Le président nord-coréen est un tyran, c'est irréfutable. Mais il n'est pas fou. Plus le temps passe, plus on se rend compte à quel point son comportement est rationnel. Parmi ceux qui peuvent en témoigner en toute connaissance de cause : l'historienne et journaliste française Juliette Morillot. Coauteure du livre Le monde selon Kim Jong-un, elle a séjourné en Corée du Nord à plusieurs reprises. «Il y a une logique parfaite derrière toutes les actions du régime depuis des années. Tout est calculé», nous a-t-elle confié.

Tout... même le dégel actuel. «Je pense que tout ce qui se passe aujourd'hui n'est pas un hasard. Tout était prévu. Maintenant que Kim Jong-un a l'arme nucléaire, il est en position de force et peut mener le jeu diplomatique.» Reste à espérer qu'il n'est pas en train de jouer une partie de poker avec la ferme intention de bluffer tous les autres joueurs.

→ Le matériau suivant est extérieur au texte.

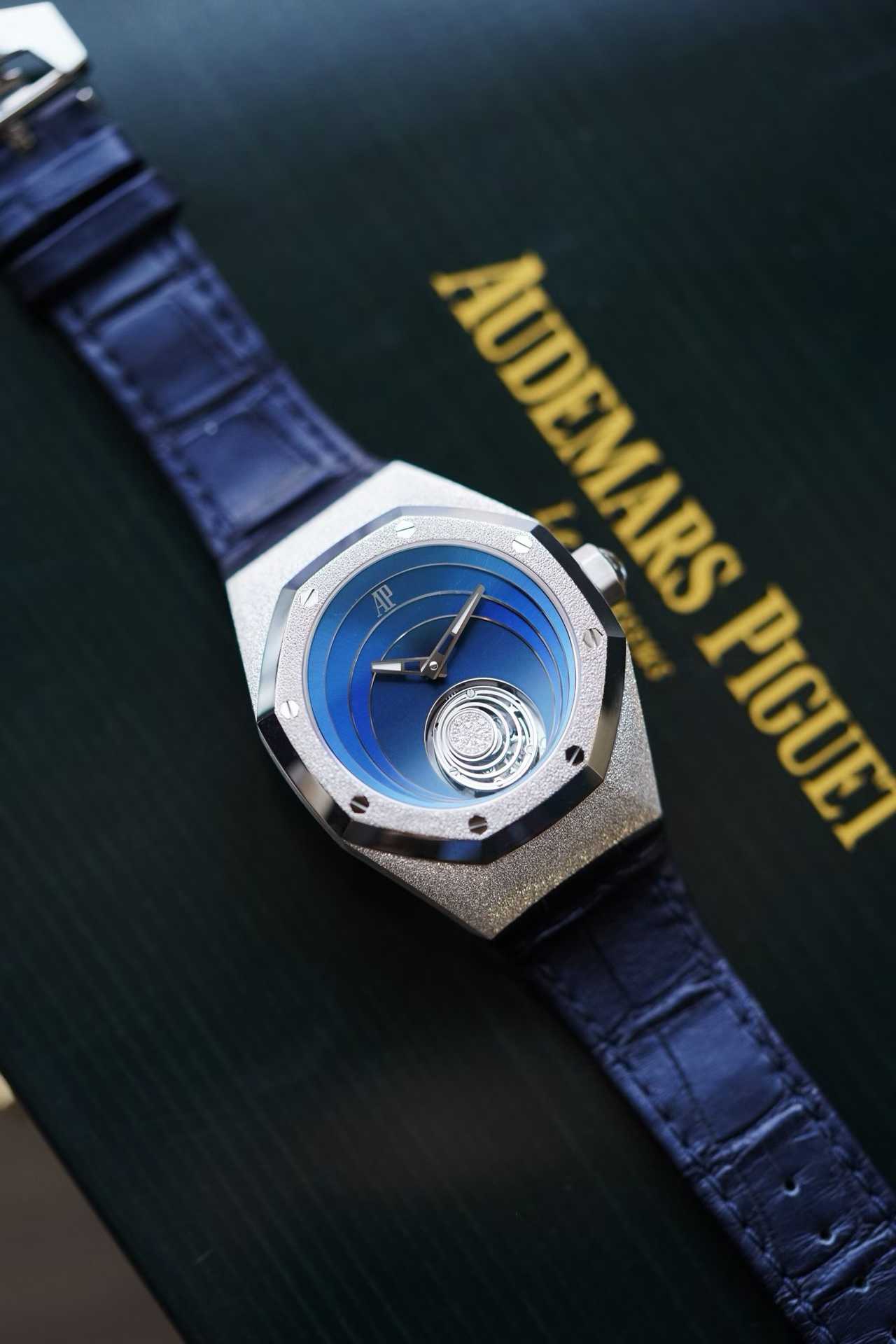 Audemars Piguet 26630BC detail 5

Il existe une solution militaire à la crise

Donald Trump a lui-même menacé, en septembre dernier, de «détruire totalement» la Corée du Nord. Mais on sait très bien à la Maison-Blanche qu'attaquer le pays provoquerait des pertes humaines épouvantables en Corée du Sud. L'ancien stratège en chef du président, Steve Bannon, avait fait preuve d'une saine franchise à ce sujet avant d'être mis à la porte. «Jusqu'à ce que quelqu'un me démontre que 10 millions de personnes ne seront pas tuées à Séoul dans les 30 premières minutes par des armes conventionnelles [...], il n'y a pas de solution militaire. Ils nous tiennent», avait-il confié à un journaliste. Il avait entièrement raison. C'est pourquoi l'intérêt soudain de Donald Trump et de son entourage pour une solution diplomatique à cette crise est une excellente nouvelle.

Kim Jong-un va renoncer à ses ambitions nucléaires

Ce n'est pas impossible, mais c'est loin d'être une certitude. Car le leader nord-coréen n'a absolument aucun intérêt à démanteler son arsenal nucléaire au grand complet. Si on le prend désormais au sérieux et si on le craint tant, c'est justement parce qu'il a réussi à se doter de l'arme nucléaire.

Par ailleurs, il sait très bien que certains tyrans ayant renoncé ces dernières années à développer des armes de destruction massive ont connu une fin atroce. «Forcément, les dirigeants nord-coréens veulent la survie de leur régime. Ils ne veulent pas terminer comme [Mouammar] Kadhafi ni comme [Saddam] Hussein», indique l'historienne et journaliste Juliette Morillot.

La balle est dans le camp de Donald Trump, qui tentera de conclure le mois prochain ce qui pourrait bien être le «deal» le plus important de toute sa carrière. S'il y parvient, attendons-nous à entendre ses partisans scander le mot «Nobel» avec encore plus de fougue et de passion.